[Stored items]
● ● ● ● ●

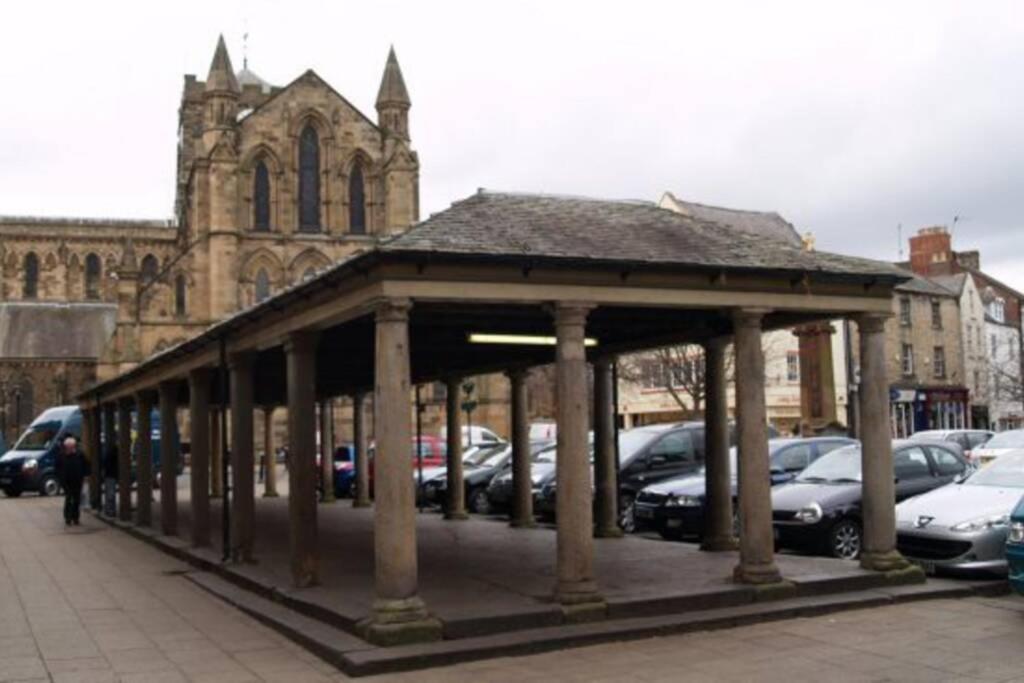 Hexham Town Centre, Market Place View Екстер'єр фото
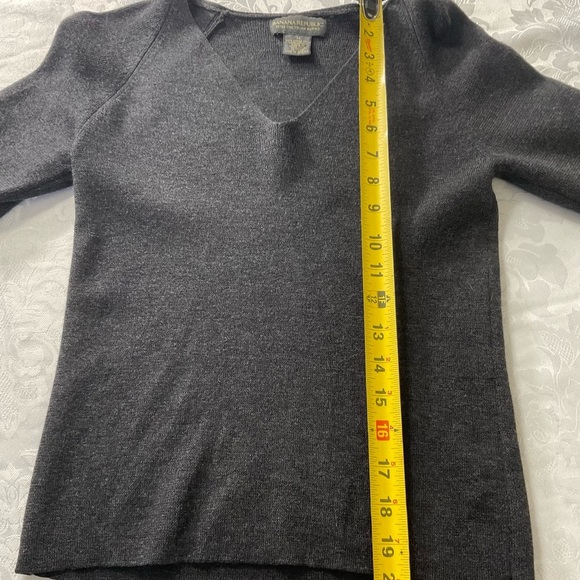Banana Republic Sweater Women Medium Dark Gray Merino Wool V Neck Pullover - Picture 6 of 7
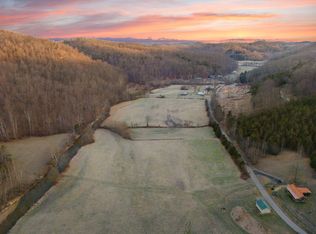 A & C Wildie Rd, Mount Vernon, KY 40456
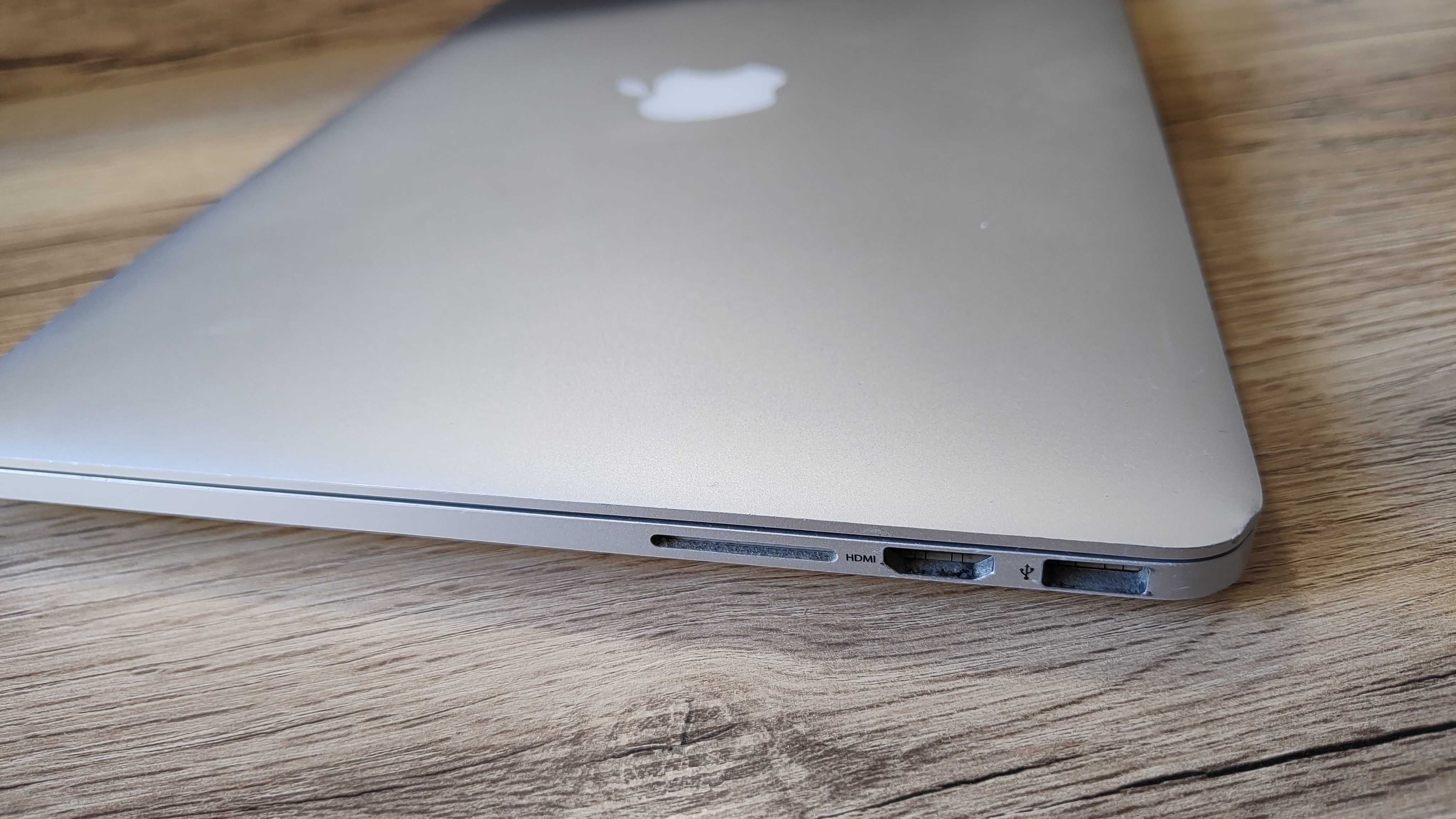 MacBook Pro 13" Retina (Early 2015) – 16GB RAM + stacja dokująca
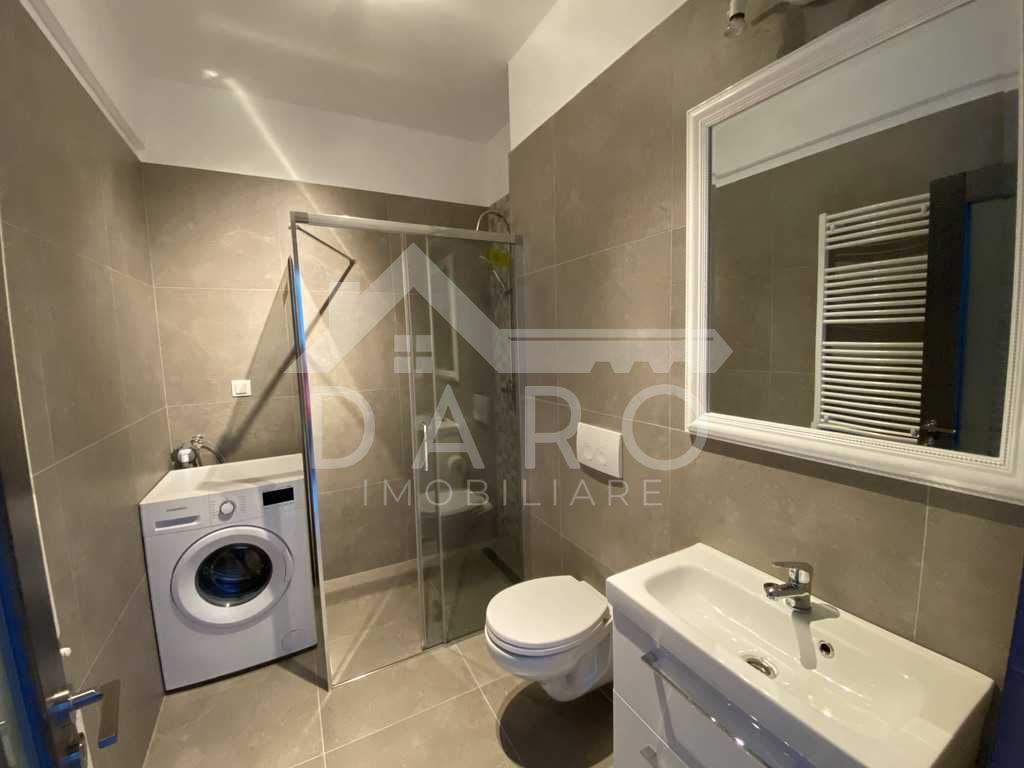 Inchiriez apartament modern 2 dormitoare+living, bloc nou centru - Poză 3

● ● ● ● ●

▸ **EXERCISE DETAILS**
Retype all the records shown above, character for character. Omit every picture.

▸ **RESPONSE FOR THIS EXERCISE**
 Hexham Town Centre, Market Place View Екстер'єр фото
Banana Republic Sweater Women Medium Dark Gray Merino Wool V Neck Pullover - Picture 6 of 7
 A & C Wildie Rd, Mount Vernon, KY 40456
 MacBook Pro 13" Retina (Early 2015) – 16GB RAM + stacja dokująca
 Inchiriez apartament modern 2 dormitoare+living, bloc nou centru - Poză 3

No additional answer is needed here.